A 'Love Actually' Short Film Sequel Is Finally Happening To Answer All Our Lingering Questions
The age of endless nostalgia, sequels and remakes is yielding some very juicy fruit: a Love Actually sequel is coming at you this year. That's right kids, not next year, not the year after, but on March 24. How and why? A sequel of sorts is being made to raise money for a British charity. The short, titled Red Nose Actually, is being made for Comic Relief’s Red Nose Day fundraiser, which will air on BBC One. But don't despair if you're based in the US; it will also be shown on NBC’s Red Nose Day Special on May 25.
But get ready to get even more excited. This isn't some half-hearted semi sequel with two or three of the original talent there and mostly new characters.
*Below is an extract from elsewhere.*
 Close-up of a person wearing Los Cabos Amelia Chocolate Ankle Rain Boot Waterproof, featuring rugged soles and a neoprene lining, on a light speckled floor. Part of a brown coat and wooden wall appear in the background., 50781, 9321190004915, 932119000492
Original director and writer Richard Curtis has penned the script, and original actors Hugh Grant, Keira Knightley, Colin Firth, Liam Neeson, Bill Nighy, Thomas Brodie-Sangster, Martine McCutcheon, Andrew Lincoln, Lucia Moniz, Olivia Olson, Marcus Brigstocke and Rowan Atkinson will all be back.
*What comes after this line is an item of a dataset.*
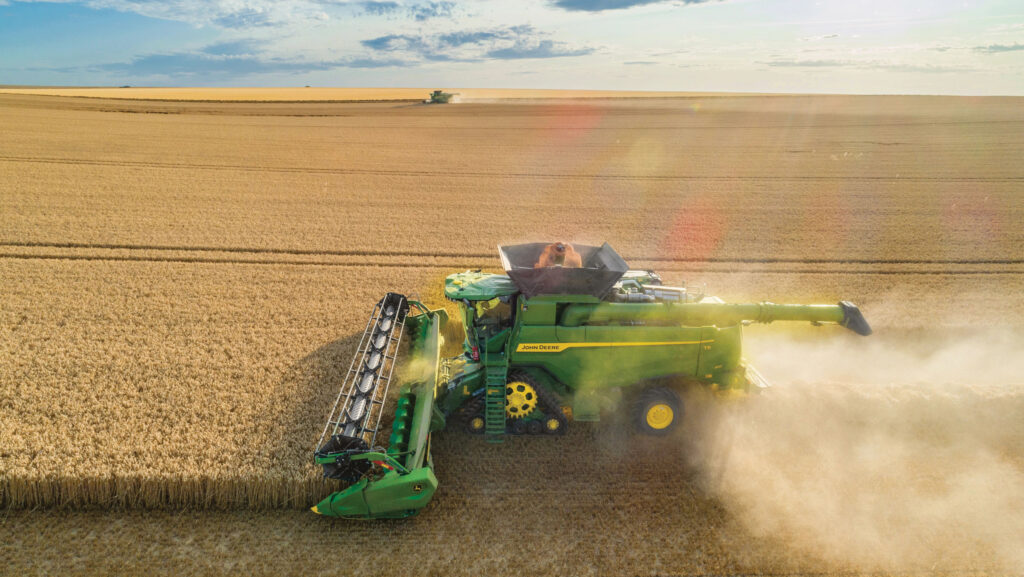 John-Deere T6 800 combine harvester harvesting wheat in a field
But besides all the obvious stuff — the joy of Love Actually, the fun of the cast's chemistry — it's pretty wonderful that we're getting a second installment after all these years. Primarily because this film left so many questions unanswered, and I can't languish in ignorance any more.
No disrespect to Curtis, but "who has aged best?" is definitely not the most pressing question if you're a Love Actually fanatic. Here's a few other zillion questions I think should take priority: Like, could Peter remain best friends with Mark, a guy so profoundly obsessed with Peter's new wife that he spent their whole wedding ceremony filming her face in closeup? And would Aurélia and Jamie's marriage — one that was established when neither could speak the other's language very proficiently and that was probably mostly based on physical attraction — go the distance?
Would Hugh Grant's prime minister's cheekiness to Billy Bob Thornton's U.S. President result in icy British-American relations? Would Karl stop being so weird about his potential love interest having a mentally ill brother? That's so not a deal breaker, even in 2003. And of course — given Alan Rickman's tragic death — will character Emma, who was cheated on by Rickman's character, be in love, actually, with someone new?